The pamphlet was a hoax, concocted by Democrats to discredit the Republicans by imputing to them what were then radical views that would offend the vast majority of whites, even those who opposed slavery. The issue of miscegenation, raised by the opponents of Abraham Lincoln, featured prominently in the election campaign of 1864. In his fourth debate with Stephen A. Douglas, Lincoln took great care to emphasise that he supported the law of Illinois which forbade "the marrying of white people with negroes".[18]

The pamphlet and variations on it were reprinted widely in both the North and South by Democrats and Confederates. Only in November 1864, after Lincoln had won the election, was the pamphlet exposed in the United States as a hoax. It was written by David Goodman Croly, managing editor of the New York World, a Democratic Party paper, and George Wakeman, a World reporter. By then, the word miscegenation had entered the common language of the day as a popular buzzword in political and social discourse.

Before the publication of Miscegenation, the words racial intermixing and amalgamation were used as general terms for ethnic and racial genetic mixing. Contemporary usage of the amalgamation metaphor, borrowed from metallurgy, was that of Ralph Waldo Emerson's private vision in 1845 of America as an ethnic and racial smelting-pot, a variation on the concept of the melting pot.[19] Opinions in the U.S. on the desirability of such intermixing, including that between white Protestants and Irish Catholic immigrants, were divided. The term miscegenation was coined to refer specifically to the intermarriage of blacks and whites, with the intent of galvanizing opposition to the war.

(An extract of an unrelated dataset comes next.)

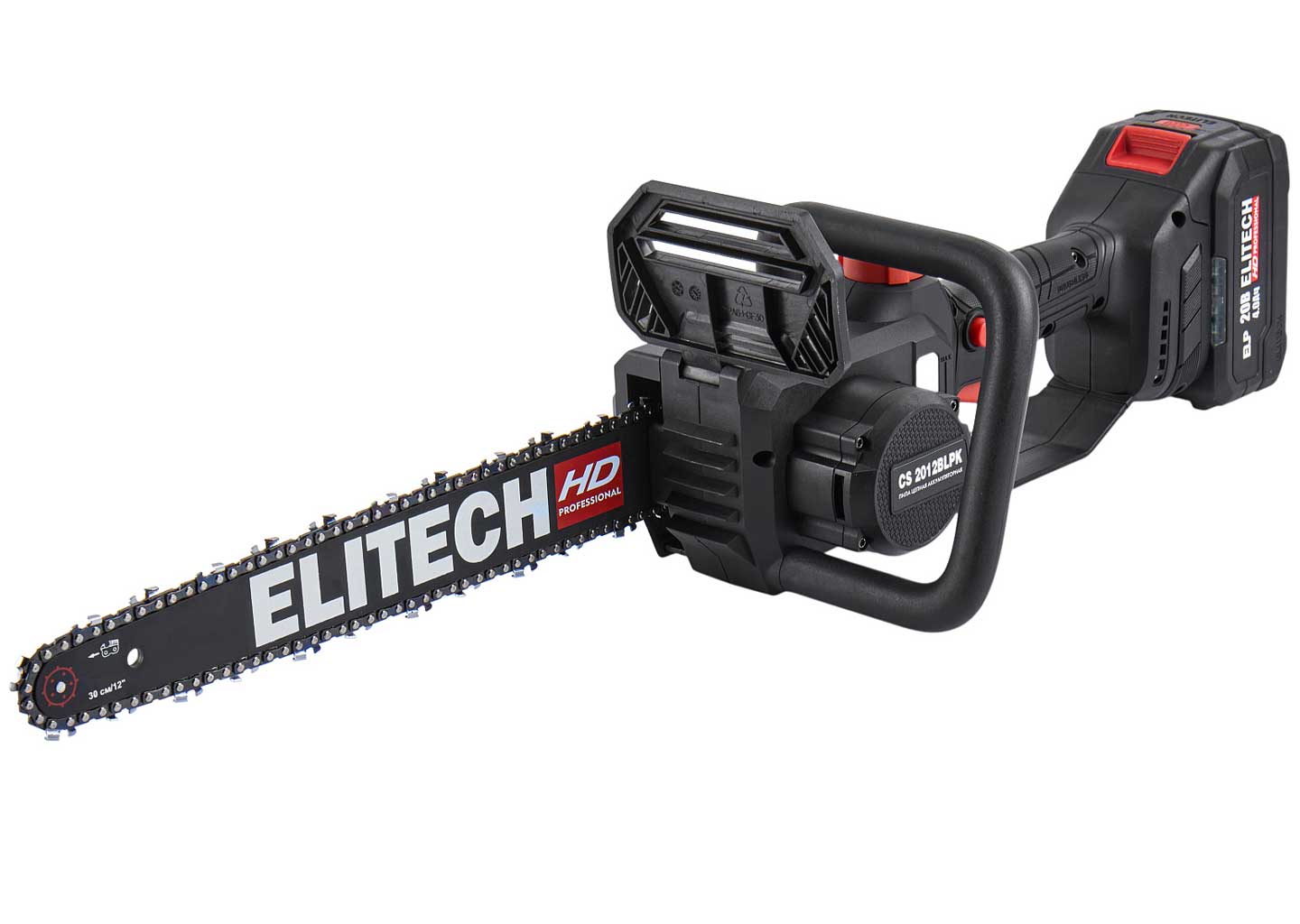 Пила цепная аккумуляторная ELITECH HD CS 2012BLPK, E1611.026.01 Пила цепная аккумуляторная ELITECH HD CS 2012BLPK, E1611.026.01 — изображение 3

In Spanish America, the term mestizaje, which is derived from mestizo, a term used to describe a person who is the offspring of an Indigenous American and a European. The primary reason why there are so few indigenous peoples of Central and South America remaining is because of the persistent and pervasive miscegenation between the Iberian colonists and the indigenous American population, which is the most common admixture of ethnicities found in the genetic tests of present-day Latinos.[20][21] This explains why Latinos in North America, the vast majority of whom are immigrants or descendants of immigrants from Central and South America,[dubiousdiscuss] carry an average of 18% Native American ancestry, and 65.1% European ancestry (mostly from the Iberian Peninsula).[22][23]

Laws banning miscegenation[edit]

Laws banning "race-mixing" were enforced in certain U.S. states until 1967 (but they were still on the books in some states until 2000),[24] in Nazi Germany (the Nuremberg Laws) from 1935 until 1945, and in South Africa during the apartheid era (1949–1985). All of these laws primarily banned marriage between persons who were members of different racially or ethnically defined groups, which was termed "amalgamation" or "miscegenation" in the U.S. The laws in Nazi Germany and the laws in many U.S. states, as well as the laws in South Africa, also banned sexual relations between such individuals.

In the United States, various state laws prohibited marriages between whites and blacks, and in many states, they also prohibited marriages between whites and Native Americans as well as marriages between whites and Asians.[25] In the U.S., such laws were known as anti-miscegenation laws. From 1913 until 1948, 30 out of the then 48 states enforced such laws.[26] Although an "Anti-Miscegenation Amendment" to the United States Constitution was proposed in 1871, in 1912–1913, and again in 1928,[27][28] no nationwide law against racially mixed marriages was ever enacted. In 1967, the United States Supreme Court unanimously ruled in Loving v. Virginia that anti-miscegenation laws are unconstitutional. With this ruling, these laws were no longer in effect in the remaining 16 states which still had them.

The Nazi ban on interracial sexual relations and marriages was enacted in September 1935 as part of the Nuremberg Laws, the Gesetz zum Schutze des deutschen Blutes und der deutschen Ehre (The Law for the Protection of German Blood and German Honour). The Nuremberg Laws classified Jews as a race, and they also forbade extramarital sexual relations and marriages between persons who were classified as "Aryans" and persons who were classified as "non-Aryans". Violations of these laws were condemned as Rassenschande (lit. "race-disgrace/race-shame") and they could be punished by imprisonment (usually followed by deportation to a concentration camp) and could even be punished by death.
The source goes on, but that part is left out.